:: Task brief ::
Take the line with "1992 GMC SIERRA K2500 VIN: 2GTFK29K3N1500122" as the first and the last line of the data as the end. Write out both and every line between exactly, except pictures.

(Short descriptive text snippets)
+--

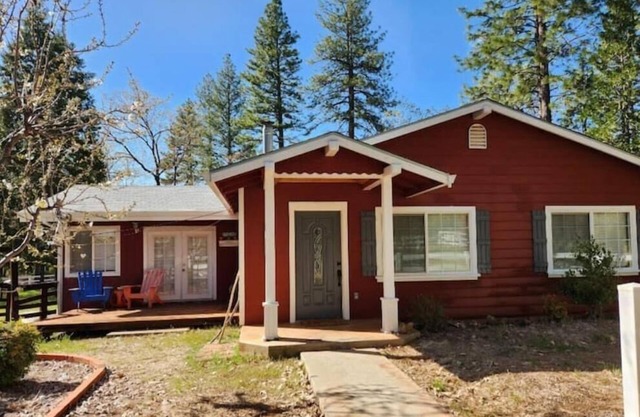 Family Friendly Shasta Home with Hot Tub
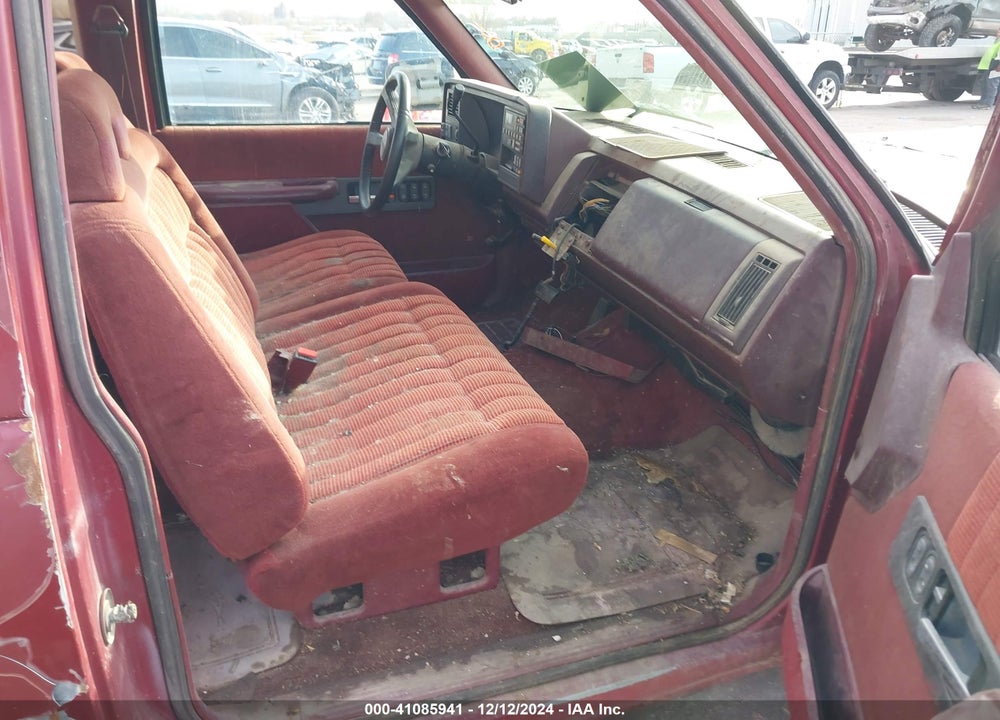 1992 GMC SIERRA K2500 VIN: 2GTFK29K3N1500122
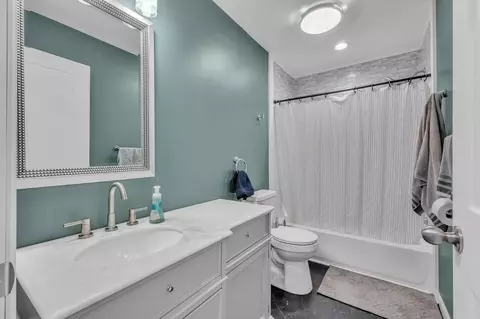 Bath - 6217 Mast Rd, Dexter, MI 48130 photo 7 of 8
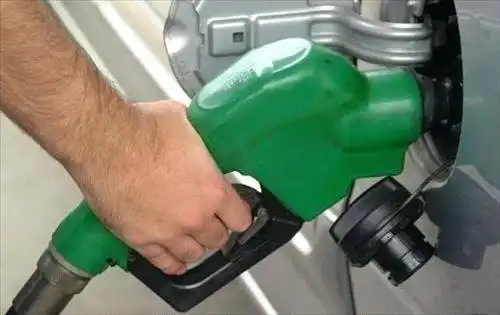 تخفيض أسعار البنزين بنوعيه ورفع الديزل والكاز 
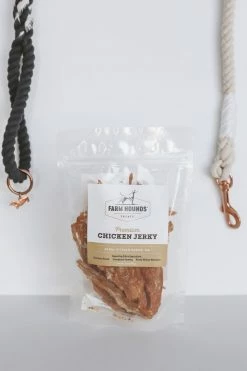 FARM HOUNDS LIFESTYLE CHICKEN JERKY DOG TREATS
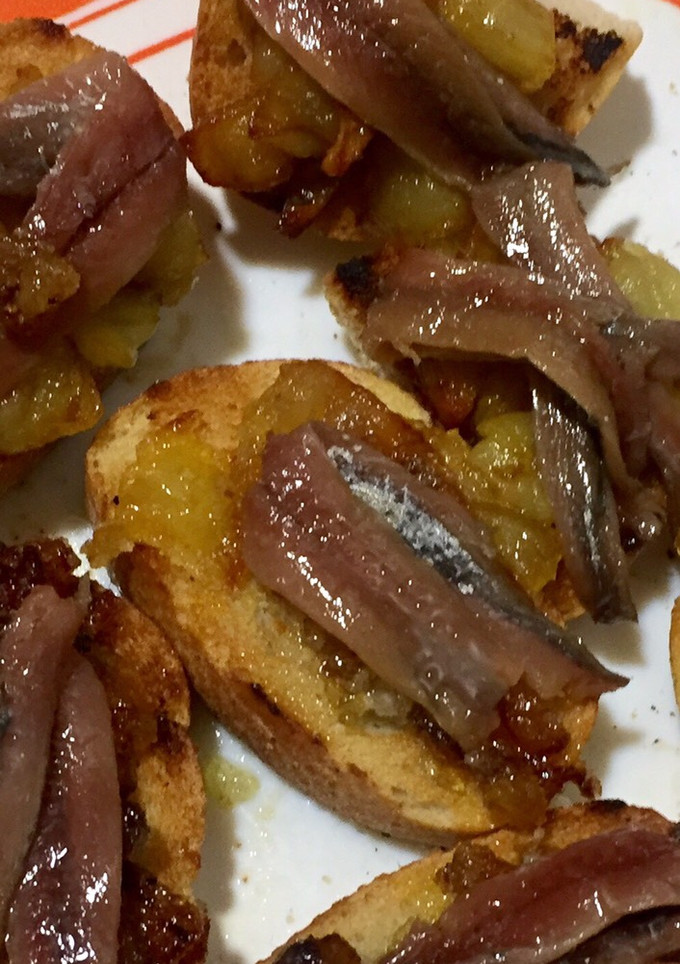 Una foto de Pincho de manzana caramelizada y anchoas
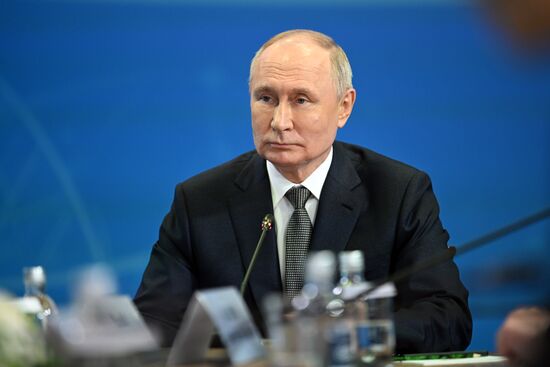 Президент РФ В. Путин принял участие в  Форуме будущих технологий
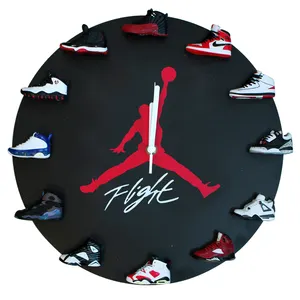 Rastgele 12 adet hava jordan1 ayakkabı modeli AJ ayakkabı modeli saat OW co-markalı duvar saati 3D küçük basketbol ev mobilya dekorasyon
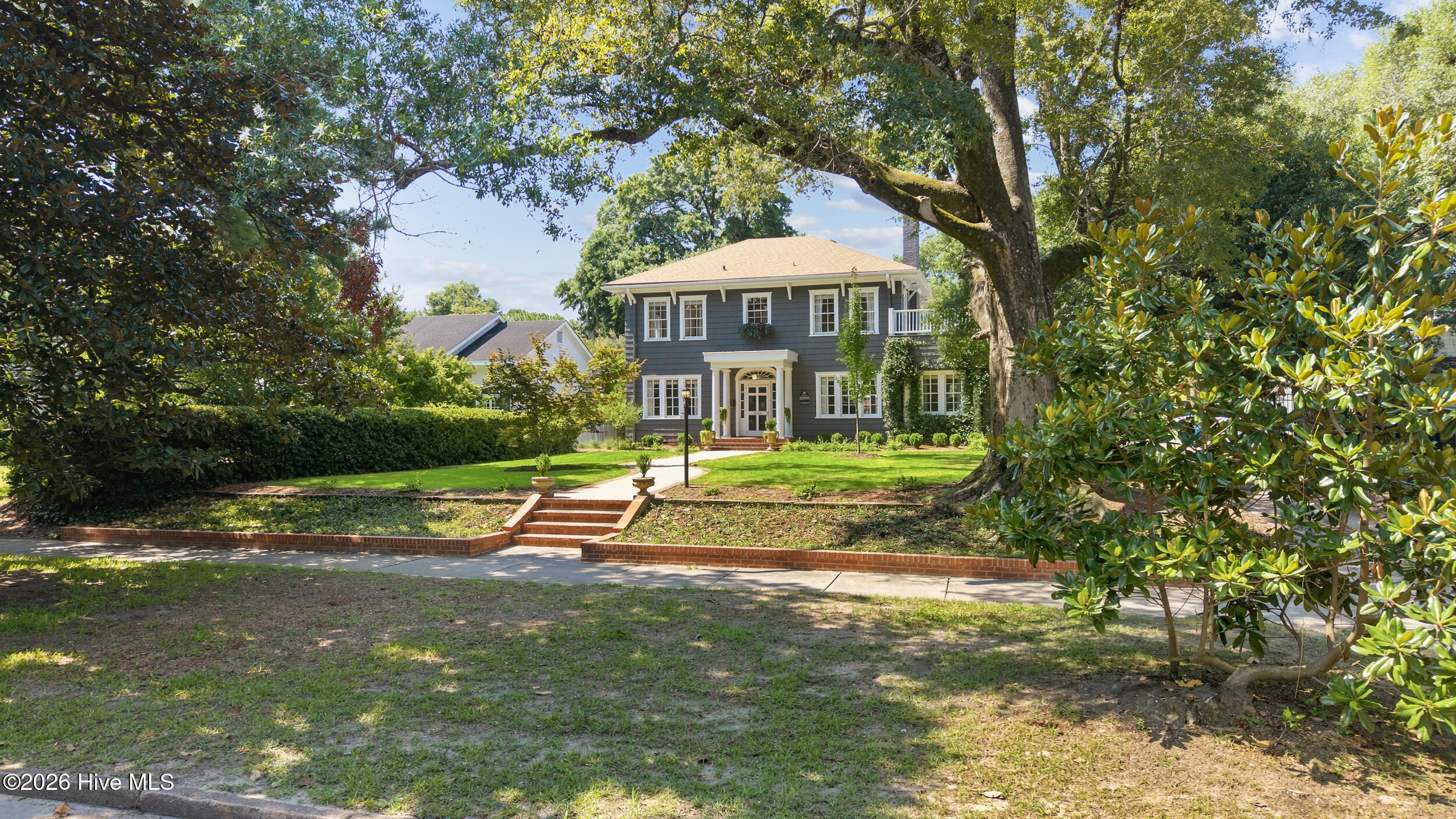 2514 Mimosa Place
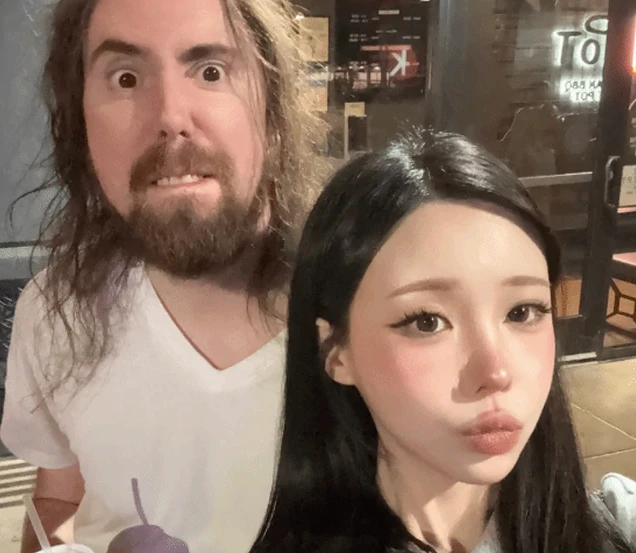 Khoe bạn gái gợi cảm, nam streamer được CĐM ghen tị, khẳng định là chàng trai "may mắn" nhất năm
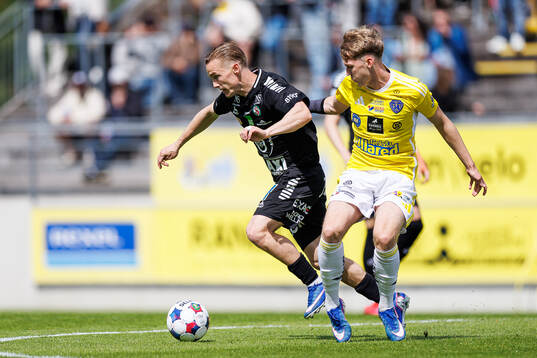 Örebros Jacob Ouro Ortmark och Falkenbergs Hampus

+--

:: Answer section ::
 1992 GMC SIERRA K2500 VIN: 2GTFK29K3N1500122
 Bath - 6217 Mast Rd, Dexter, MI 48130 photo 7 of 8
 تخفيض أسعار البنزين بنوعيه ورفع الديزل والكاز 
 FARM HOUNDS LIFESTYLE CHICKEN JERKY DOG TREATS
 Una foto de Pincho de manzana caramelizada y anchoas
 Президент РФ В. Путин принял участие в  Форуме будущих технологий
 Rastgele 12 adet hava jordan1 ayakkabı modeli AJ ayakkabı modeli saat OW co-markalı duvar saati 3D küçük basketbol ev mobilya dekorasyon
 2514 Mimosa Place
 Khoe bạn gái gợi cảm, nam streamer được CĐM ghen tị, khẳng định là chàng trai "may mắn" nhất năm
 Örebros Jacob Ouro Ortmark och Falkenbergs Hampus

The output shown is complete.